To tighten the U.S. grip on Europe, the United States is using the artificial crisis to demand that its indebted allies spend more on “defense”, notably by purchasing U.S. weapons systems. Although the U.S. is still far from being able to meet Europe’s energy needs from the new U.S. fracking boom, this prospect is being hailed as a substitute for Russia’s natural gas sales – stigmatized as a “way of exercising political pressure”, something of which hypothetic U.S. energy sales are presumed to be innocent. Pressure is being brought against Bulgaria and even Serbia to block construction of the South Stream pipeline that would bring Russian gas into the Balkans and southern Europe.
From D-Day to Dooms Day
Today, June 6, the seventieth anniversary of the D-Day landing is being played in Normandy as a gigantic celebration of American domination, with Obama heading an all-star cast of European leaders. The last of the aged surviving soldiers and aviators present are like the ghosts of a more innocent age when the United States was only at the start of its new career as world master. They were real, but the rest is a charade. French television is awash with the tears of young villagers in Normandy who have been taught that the United States is some sort of Guardian Angel, which sent its boys to die on the shores of Normandy out of pure love for France. This idealized image of the past is implicitly projected on the future. In seventy years, the Cold War, a dominant propaganda narrative and above all Hollywood have convinced the French, and most of the West, that D-Day was the turning point that won World War II and saved Europe from Nazi Germany.
Vladimir Putin came to the celebration, and has been elaborately shunned by Obama, self-appointed arbiter of Virtue. The Russians are paying tribute to the D-Day operation which liberated France from Nazi occupation, but they – and historians – know what most of the West has forgotten: that the Wehrmacht was decisively defeated not by the Normandy landing, but by the Red Army. If the vast bulk of German forces had not been pinned down fighting a losing war on the Eastern front, nobody would celebrate D-Day as it is being celebrated today.
Putin is widely credited as being “the best chess player”, who won the first round of the Ukrainian crisis. He has no doubt done the best he could, faced with the crisis foisted on him. But the U.S. has whole ranks of pawns which Putin does not have. And this is not only a chess game, but chess combined with poker combined with Russian roulette. The United States is ready to take risks that the more prudent Russian leaders prefer to avoid… as long as possible.
Perhaps the most extraordinary aspect of the current charade is the servility of the “old” Europeans.
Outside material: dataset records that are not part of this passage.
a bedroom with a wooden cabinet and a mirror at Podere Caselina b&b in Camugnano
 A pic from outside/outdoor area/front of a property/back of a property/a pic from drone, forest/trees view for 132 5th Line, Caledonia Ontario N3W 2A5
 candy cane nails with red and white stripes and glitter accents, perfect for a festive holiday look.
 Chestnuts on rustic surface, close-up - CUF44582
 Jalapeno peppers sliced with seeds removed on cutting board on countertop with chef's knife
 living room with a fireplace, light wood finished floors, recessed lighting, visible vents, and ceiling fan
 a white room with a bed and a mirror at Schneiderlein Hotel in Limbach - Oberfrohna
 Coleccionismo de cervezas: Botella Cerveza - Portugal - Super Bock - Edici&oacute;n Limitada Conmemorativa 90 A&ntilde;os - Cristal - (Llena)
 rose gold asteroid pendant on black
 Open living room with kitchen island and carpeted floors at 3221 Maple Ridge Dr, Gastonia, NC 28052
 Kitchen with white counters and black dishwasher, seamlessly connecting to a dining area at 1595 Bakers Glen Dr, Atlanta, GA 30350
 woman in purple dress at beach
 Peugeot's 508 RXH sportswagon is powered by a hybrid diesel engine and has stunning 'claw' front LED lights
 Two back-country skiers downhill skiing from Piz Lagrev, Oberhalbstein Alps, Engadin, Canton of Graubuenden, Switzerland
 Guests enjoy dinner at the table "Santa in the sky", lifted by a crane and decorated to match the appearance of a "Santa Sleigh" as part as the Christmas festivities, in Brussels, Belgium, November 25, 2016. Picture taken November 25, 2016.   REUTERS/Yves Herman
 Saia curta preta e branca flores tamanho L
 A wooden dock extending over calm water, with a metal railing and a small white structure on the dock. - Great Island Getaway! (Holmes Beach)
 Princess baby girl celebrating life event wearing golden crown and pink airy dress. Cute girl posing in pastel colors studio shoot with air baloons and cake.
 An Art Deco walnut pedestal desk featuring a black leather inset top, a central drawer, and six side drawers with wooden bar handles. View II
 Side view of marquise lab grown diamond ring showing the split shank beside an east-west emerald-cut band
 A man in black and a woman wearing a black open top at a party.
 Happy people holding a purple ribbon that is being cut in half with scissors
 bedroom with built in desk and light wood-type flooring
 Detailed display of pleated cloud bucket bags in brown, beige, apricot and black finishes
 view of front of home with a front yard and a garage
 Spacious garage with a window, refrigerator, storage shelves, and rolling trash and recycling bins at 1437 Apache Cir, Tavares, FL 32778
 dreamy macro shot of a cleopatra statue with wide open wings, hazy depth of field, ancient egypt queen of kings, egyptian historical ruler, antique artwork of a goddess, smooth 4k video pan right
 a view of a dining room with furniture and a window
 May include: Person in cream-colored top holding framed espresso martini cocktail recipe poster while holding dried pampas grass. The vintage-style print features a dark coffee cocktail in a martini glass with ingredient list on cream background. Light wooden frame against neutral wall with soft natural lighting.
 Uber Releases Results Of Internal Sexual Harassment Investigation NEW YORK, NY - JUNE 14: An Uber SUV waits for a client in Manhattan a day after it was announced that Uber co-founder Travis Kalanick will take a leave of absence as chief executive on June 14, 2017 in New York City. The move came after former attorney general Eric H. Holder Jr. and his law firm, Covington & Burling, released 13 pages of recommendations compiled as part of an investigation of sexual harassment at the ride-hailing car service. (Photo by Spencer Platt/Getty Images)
Apparently abandoning all Europe’s accumulated wisdom, drawn from its wars and tragedies, and even oblivious to their own best interests, today’s European leaders seem ready to follow their American protectors to another D-Day … D for Doom.
Can the presence of a peace-seeking Russian leader in Normandy make a difference? All it would take would be for mass media to tell the truth, and for Europe to produce reasonably wise and courageous leaders, for the whole fake war machine to lose its luster, and for truth to begin to dawn. A peaceful Europe is still possible, but for how long?